Give again only what runs from the line with "Half-timbered houses at" to the final line of the entries below, exactly as written and without pictures.
========================================================================
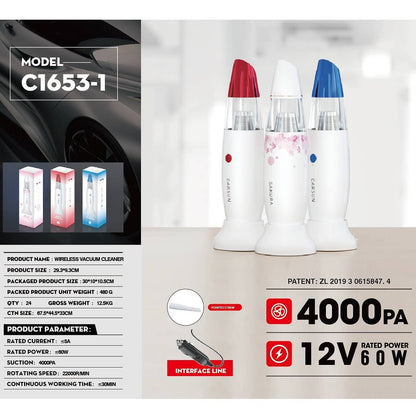 CARSUN Sakura Car Vacuum Cleaner – 4000Pa Suction | Wet & Dry | 12V Plug-in VC-1653-1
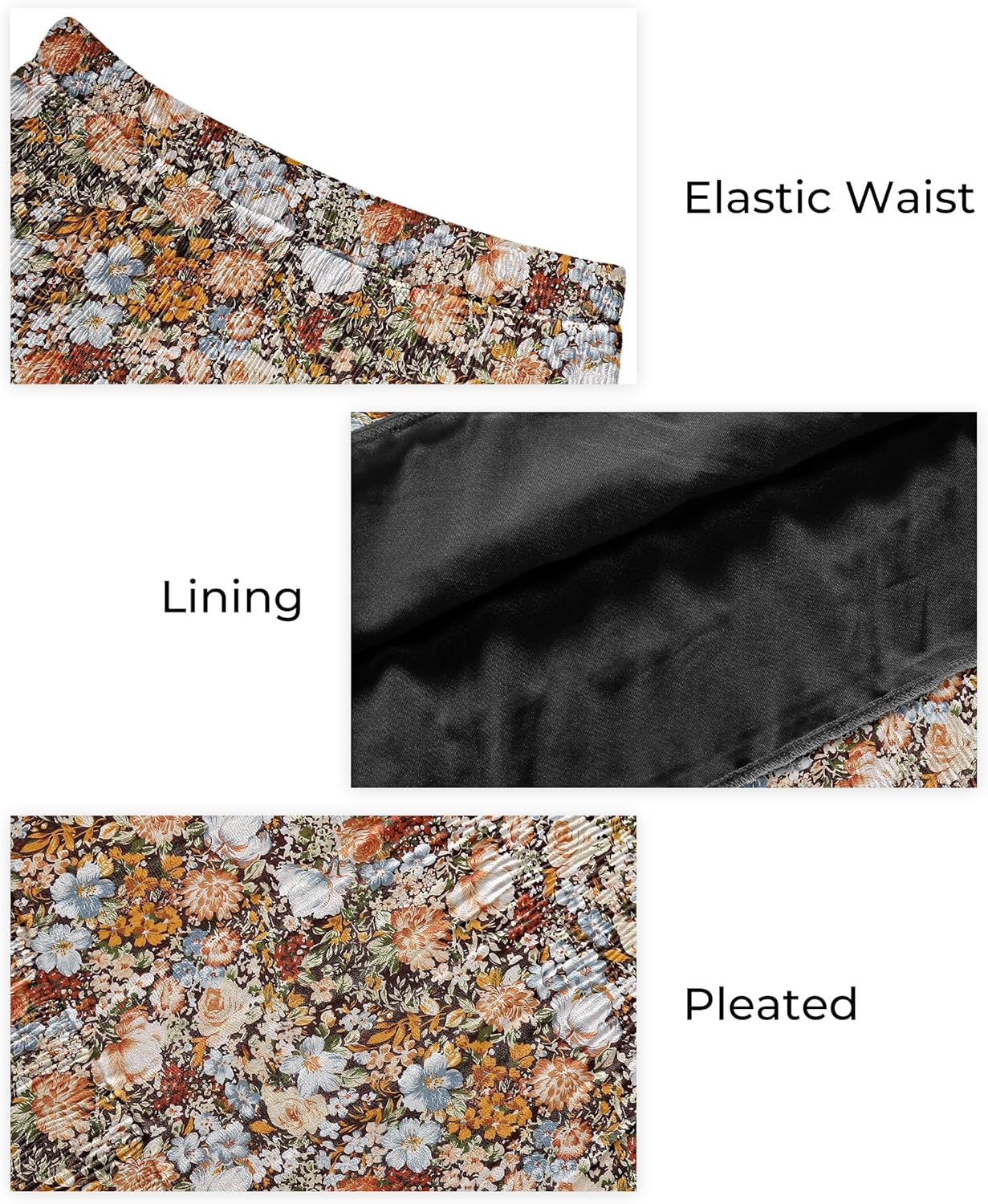 CYiNu Women's Chiffon Elastic High Waist Tiered Pleated Floral Printed A-Line Boho Long Maxi Skirts - Image 4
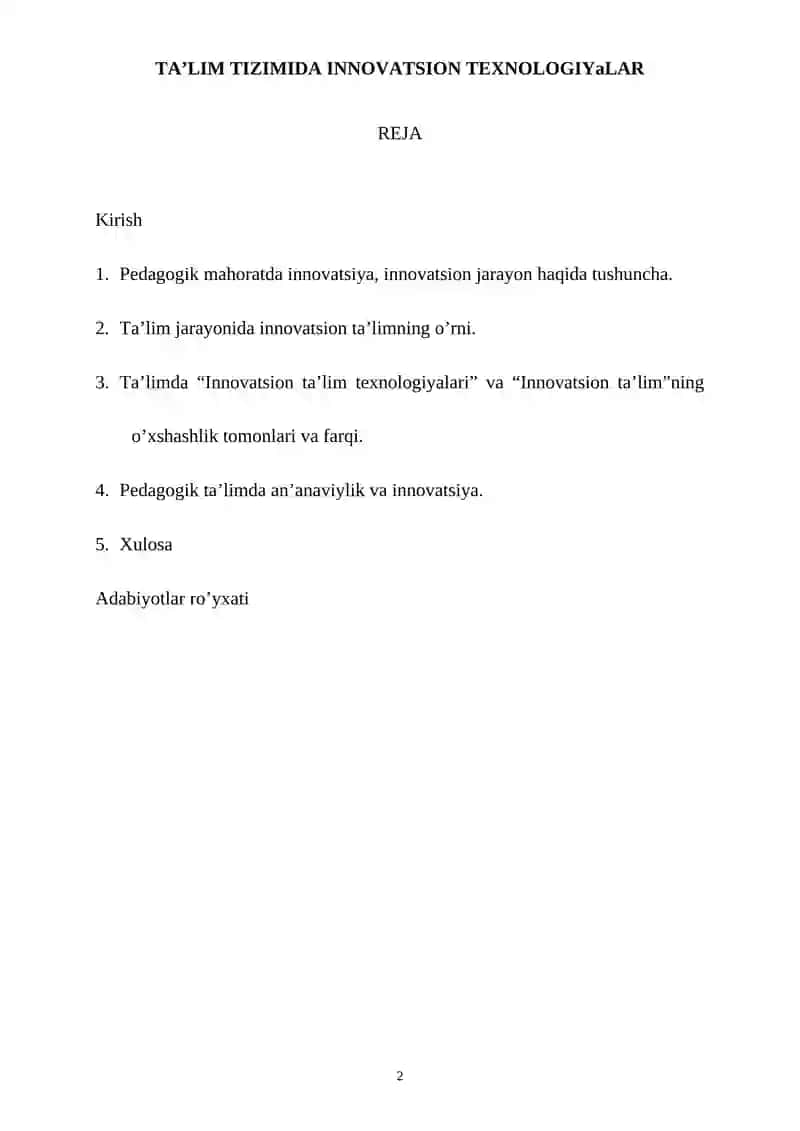 Ta’lim tizimida innovatsion texnologiyalar 2
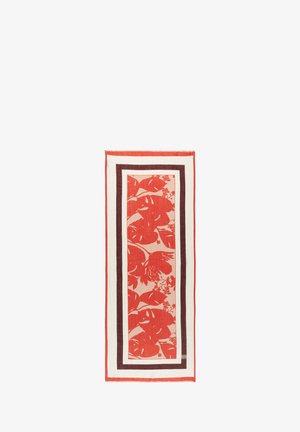 Czerwona chusta w kwiatowy wzór z odważnymi liśćmi, otoczona kontrastującymi ciemnymi i jasnymi obrzeżami. Wykonana z miękkiego, teksturowanego materiału.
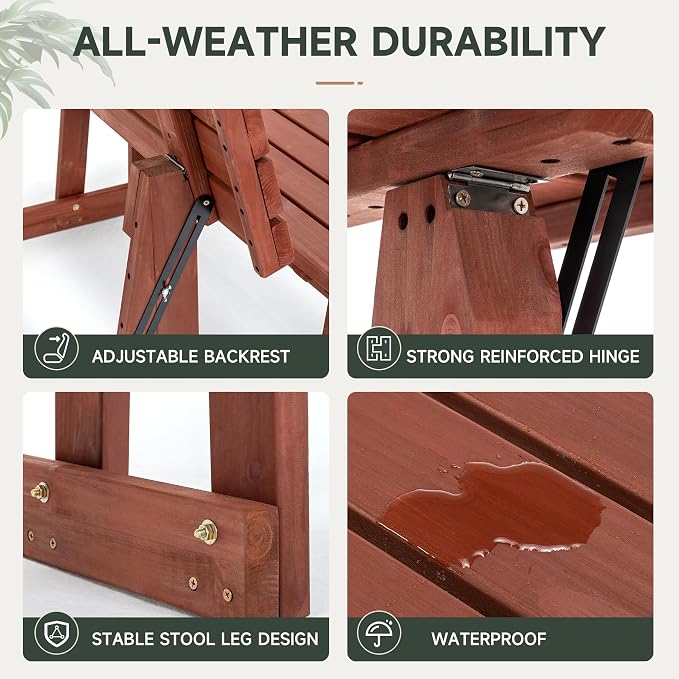 2-in-1 Convertible Bench Picnic Table - Outdoor Folding Dining Set w/Backrest & Umbrella Hole. Solid Wood, Waterproof & UV-Resistant - Ideal for Backyard, Patio, Garden & Parkway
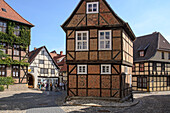 Half-timbered houses at Finkenherd, Quedlinburg, Harz, Saxony-Anhalt, Germany, Europe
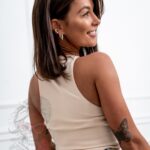 Top na ramiączka Nudes beżowy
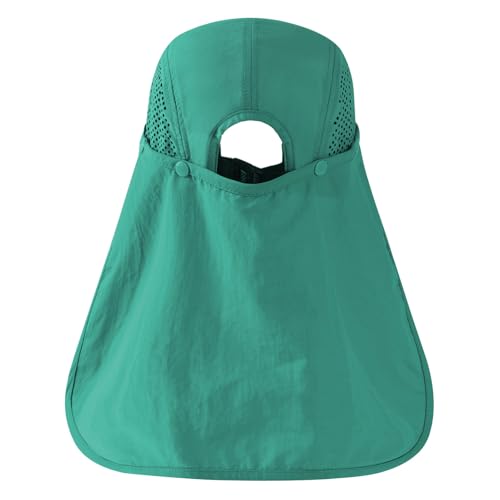 BASSDASH UPF 50+ Fishing Hat, Baseball Cap with Removable Neck Flap - color: Aqua Green With Unfoldable Brim
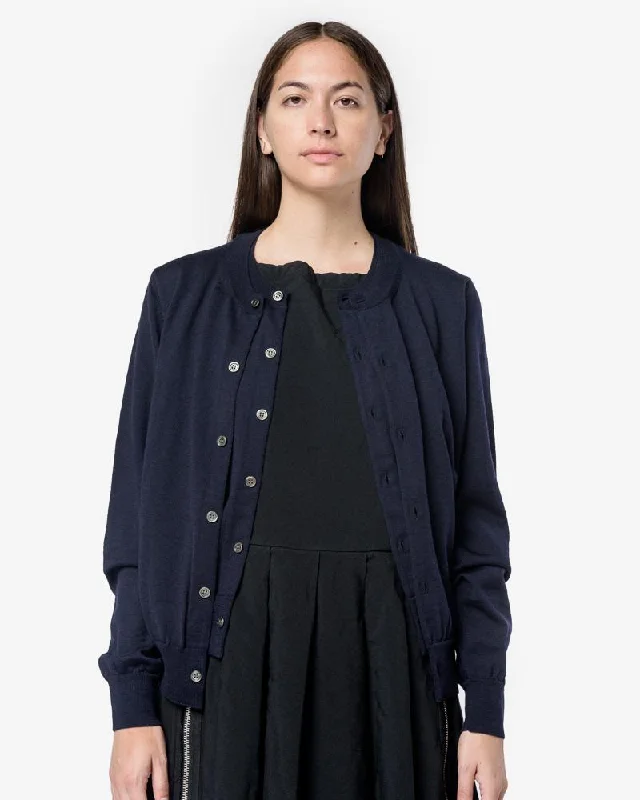 Wool Cardigan in Navy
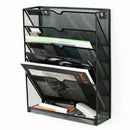 5 Tier Wall File Organizer Vertical Placement Glossy Edges Wall Mount File Holder with Hanging Hole for Office Black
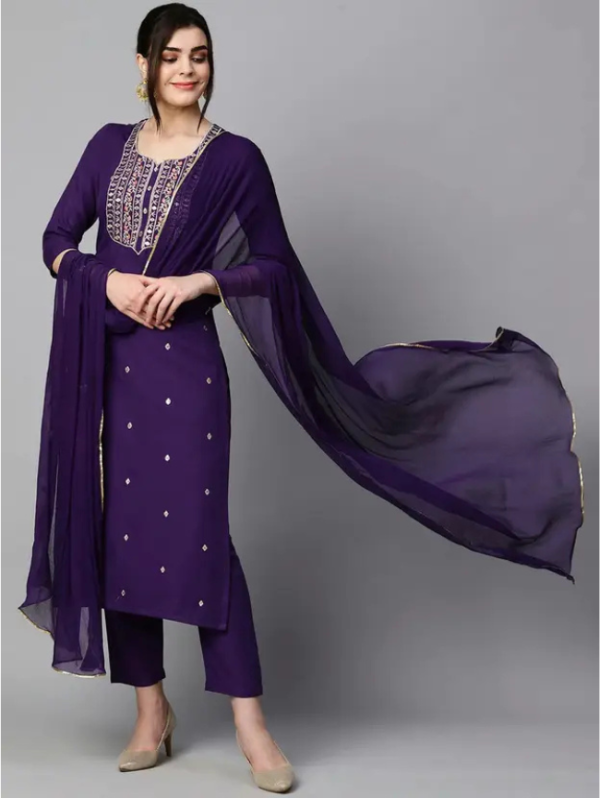 Women Cotton Rayon Kurta Pant Dupatta Set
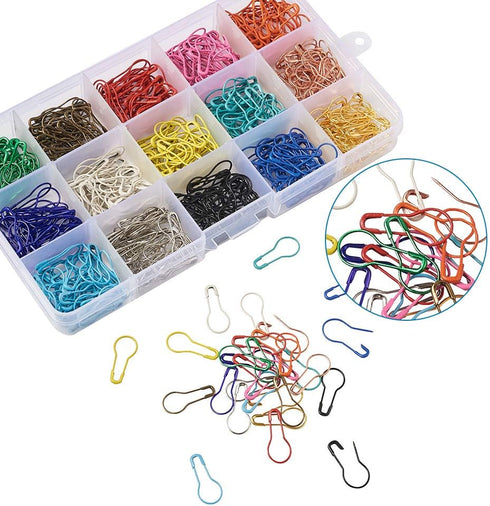 KISSITTY About 600pcs/box 15 Colors Bulb Safety Pins 22mm Calabash Quilting Sewing Pin for Clothing Crafting Home Office Use Art Craft Sewing Jewe...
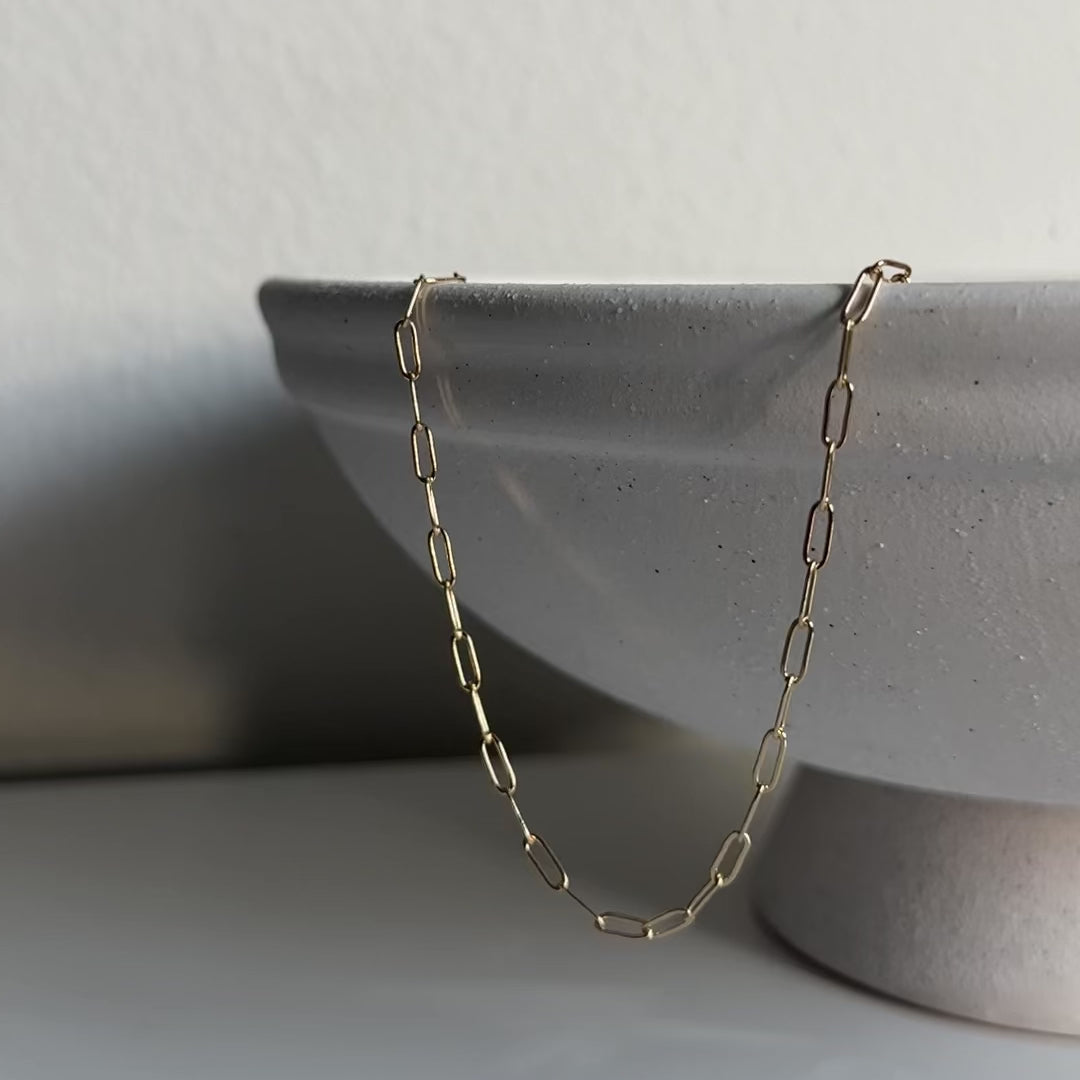 Dainty Gold Plated Paperclip Necklace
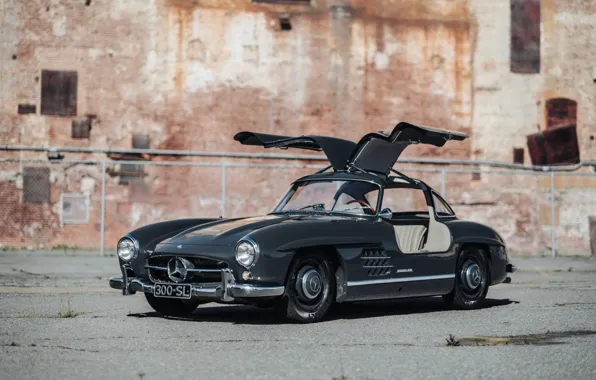 Grey, Mersedes Benz 300SL, Classic car, Gull-Wing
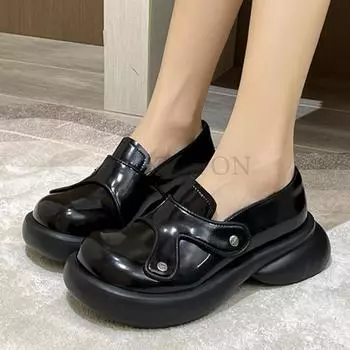 мода Мэри Джейн Туфли Милые Женские Туфли На Танкетке Туфли На Платформе Женские Готические Девушки Лолита Панк Туфли Высокие Каблуки Плюс Размер 43 34 чёрный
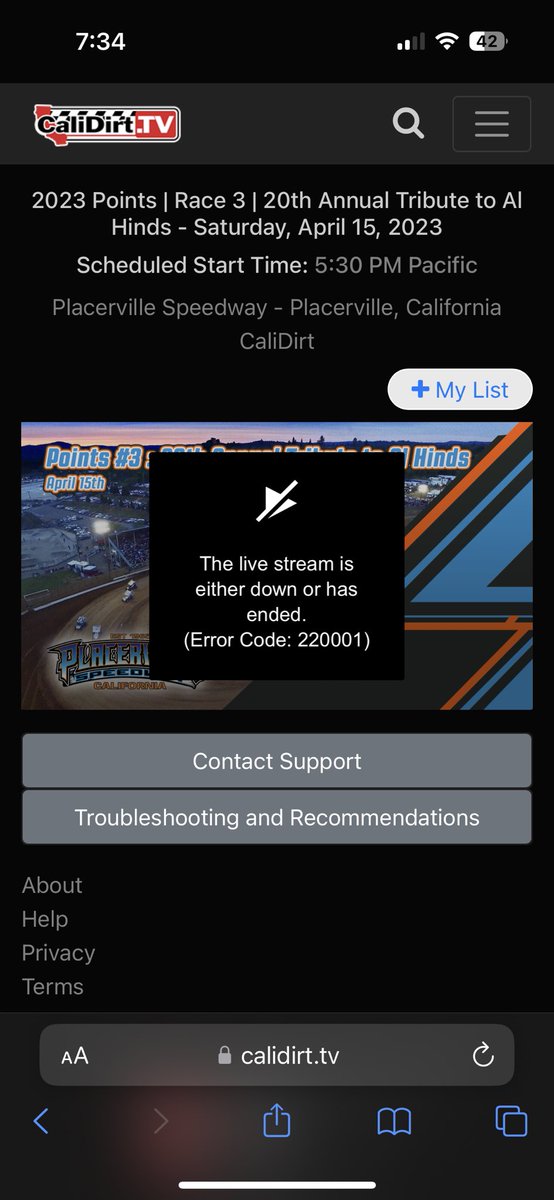bellalashtribe's tweet photo. For the love of God @pvillespeedway please ditch this joke of @calidirttv and go back to @FloRacing!!! There’s no Roku app so you have to stream from your phone to a TV, then the dang thing keeps shutting out and not having a broadcast! Missed my brother’s entire race!!! https://t.co/3iDSbju6fj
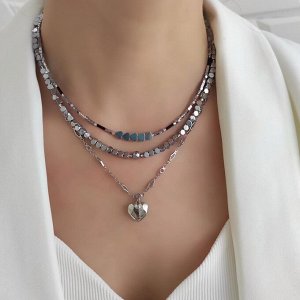 Сет из гематита серебристого цвета с кулоном сердце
========================================================================
* _Output_
 Half-timbered houses at Finkenherd, Quedlinburg, Harz, Saxony-Anhalt, Germany, Europe
 Top na ramiączka Nudes beżowy
 BASSDASH UPF 50+ Fishing Hat, Baseball Cap with Removable Neck Flap - color: Aqua Green With Unfoldable Brim
 Wool Cardigan in Navy
 5 Tier Wall File Organizer Vertical Placement Glossy Edges Wall Mount File Holder with Hanging Hole for Office Black
 Women Cotton Rayon Kurta Pant Dupatta Set
 KISSITTY About 600pcs/box 15 Colors Bulb Safety Pins 22mm Calabash Quilting Sewing Pin for Clothing Crafting Home Office Use Art Craft Sewing Jewe...
 Dainty Gold Plated Paperclip Necklace
 Grey, Mersedes Benz 300SL, Classic car, Gull-Wing
 мода Мэри Джейн Туфли Милые Женские Туфли На Танкетке Туфли На Платформе Женские Готические Девушки Лолита Панк Туфли Высокие Каблуки Плюс Размер 43 34 чёрный
bellalashtribe's tweet photo. For the love of God @pvillespeedway please ditch this joke of @calidirttv and go back to @FloRacing!!! There’s no Roku app so you have to stream from your phone to a TV, then the dang thing keeps shutting out and not having a broadcast! Missed my brother’s entire race!!! https://t.co/3iDSbju6fj
 Сет из гематита серебристого цвета с кулоном сердце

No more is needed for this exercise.